Students must make sense of the task. They must plan and carry out a solution strategy. After they complete the task, they need to go back and check that their solution makes sense. Students also have the opportunity to work with another student and try to understand his or her approach to the task.

Mathematical Practice 6: Attend to precision.

Students are asked to present their work in a clear, precise way. They should try to use correct mathematical language and symbols and to carefully label their work so that it is easy to follow.

# Interventions

Students do not understand when they need to reverse the direction of the inequality sign.

• Are you multiplying or dividing both sides of the inequality by a positive or negative number?
• What do you need to do when you multiply or divide both sides of an inequality by a negative number?

Neither student can think of a scenario that matches the inequality.

• Think about 80 as a score on a quiz.
• Think about 80 as the number of chairs in a restaurant.

Students' word problem does not match the inequality given.

• Work backwards. Read the word problem you wrote.
• Write an inequality that represents it.
• Does it match the inequality you were given?

Students do not know how to connect the solution of the inequality to the solution to the word problem.

• Will all numbers on the solution graph make sense as solutions to your problem?

• x is greater than 18

$\begin{array}{c}4x+8-8>80-8\\ 4x>72\\ \frac{4x}{4}>\frac{72}{4}\\ x>18\end{array}$ • Sample word problem: A restaurant wants to be able to seat more than 80 people.

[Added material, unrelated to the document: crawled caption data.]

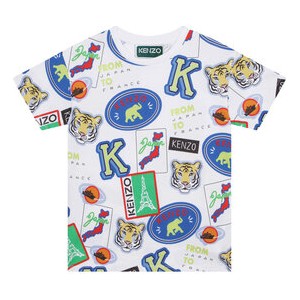 Koszulka dziecięca Kenzo Kids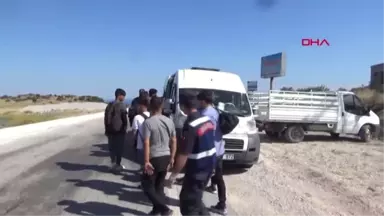 Çanakkale'de 85 kaçak göçmen yakalandı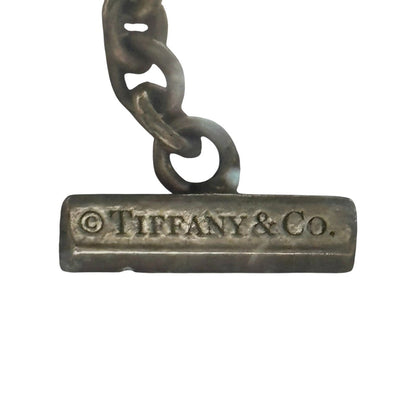TIFFANY & CO. T Smile Silver Bracelet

It will have one table that seats 8 and the other tables will seat 4. How many tables of 4 will they need to have?
• There must be more than 18 tables that seat 4 (so, at least 19 tables that seat 4).

## Work Time

Use what you learned from the Self Check problem to approach this similar task.

• Solve the inequality (show all your steps) and represent the solution on the given number line:

4x + 8 > 80

• Write a word problem that could be solved using the inequality.

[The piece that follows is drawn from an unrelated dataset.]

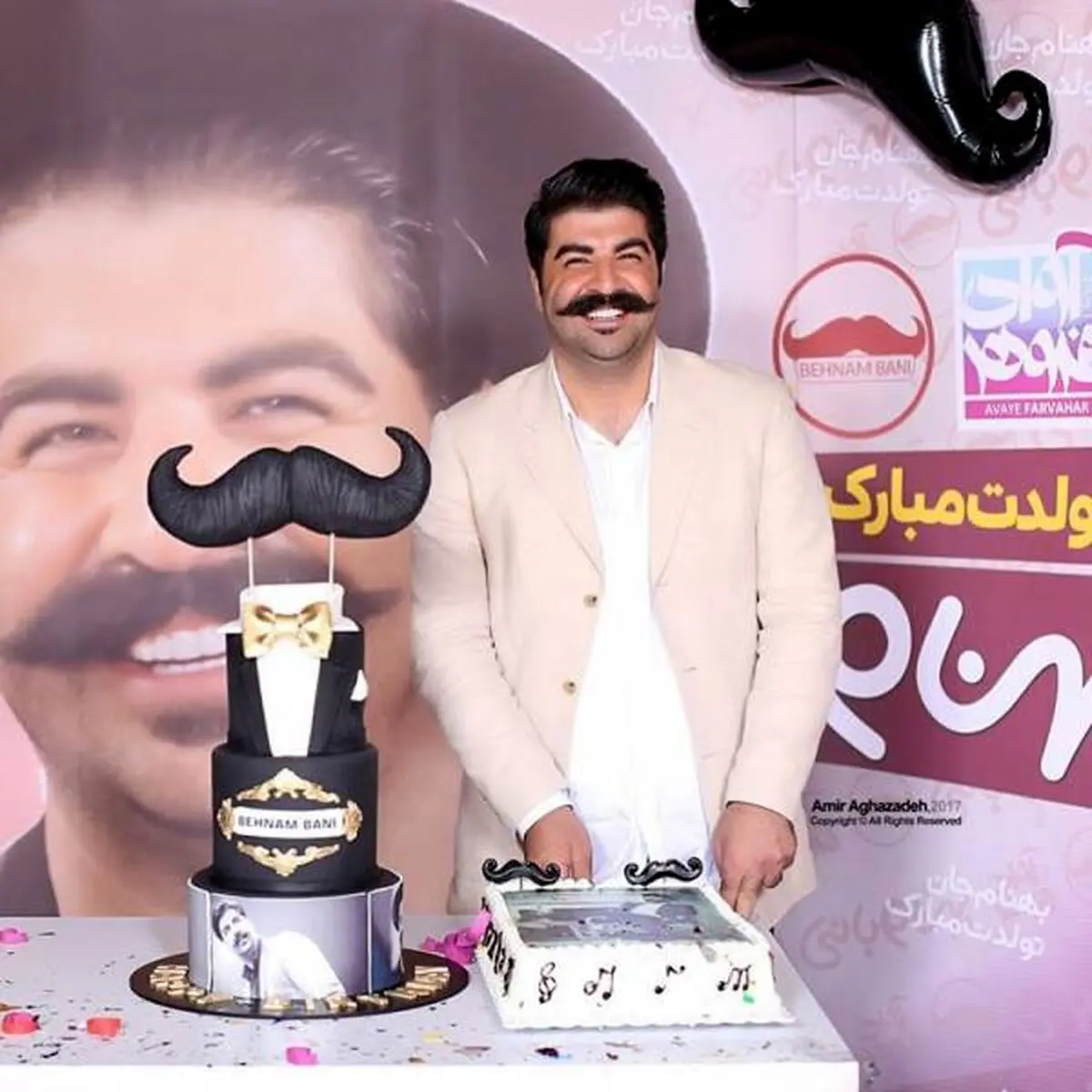 بهنام بانی شگفت زده شد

HANDOUT: Solving Inequalities
INTERACTIVE: Graph an Inequality

# Preparing for Ways of Thinking

While students are working, note different approaches to share during the Ways of Thinking discussion:

If students find it difficult to get started, these questions might be helpful:

• How did you organize your work?
• What steps did you use to solve the inequality?
• Is your solution to the inequality correct?
• How did you check to make sure the problem matches the inequality?

If several pairs of students are struggling with the same issue, write a relevant question on the board. You might ask a student who has performed well on a particular part of the task to help a pair that is struggling.

• What questions were you asked for feedback?
• How could you and your partner work together to address one or more of those feedback questions?

SWD: Consider the prerequisite skills for this task. Students with disabilities may need direct instruction on and guided practice with the skills needed to complete this task.

# Prepare a Presentation

• Explain the process you used to revise your work.
• Describe how you applied what you learned from the Self Check problem to solve a similar problem.

# Mathematics

Ask pairs of students who used different solution methods to present their work. Include students who made errors. Try to allow as many students as possible to share their word problems.

Have students make observations and ask questions as different pairs present their work. Encourage students to talk about how they revised their work based on feedback.

Ask questions such as the following:

• Did you reverse the direction of the inequality sign? Why or why not?
• Did you use a closed circle or an open circle on your number line? Why?
• How do you know that your number line shows all the solutions of the inequality?
• Are all the numbers graphed on the number line solutions to the problem? Why or why not?

# Ways of Thinking: Make Connections

Take notes your classmates’ approaches to revising the Self Check problem and applying what they learned to solve a similar problem.

## Hint:

• Why didn't you reverse the direction of the inequality sign?
• Why did you use a closed circle on your number line?
• How do you know that your number line shows all the solutions to the inequality?
• Are all the numbers on the number line solutions to the problem? Why or why not?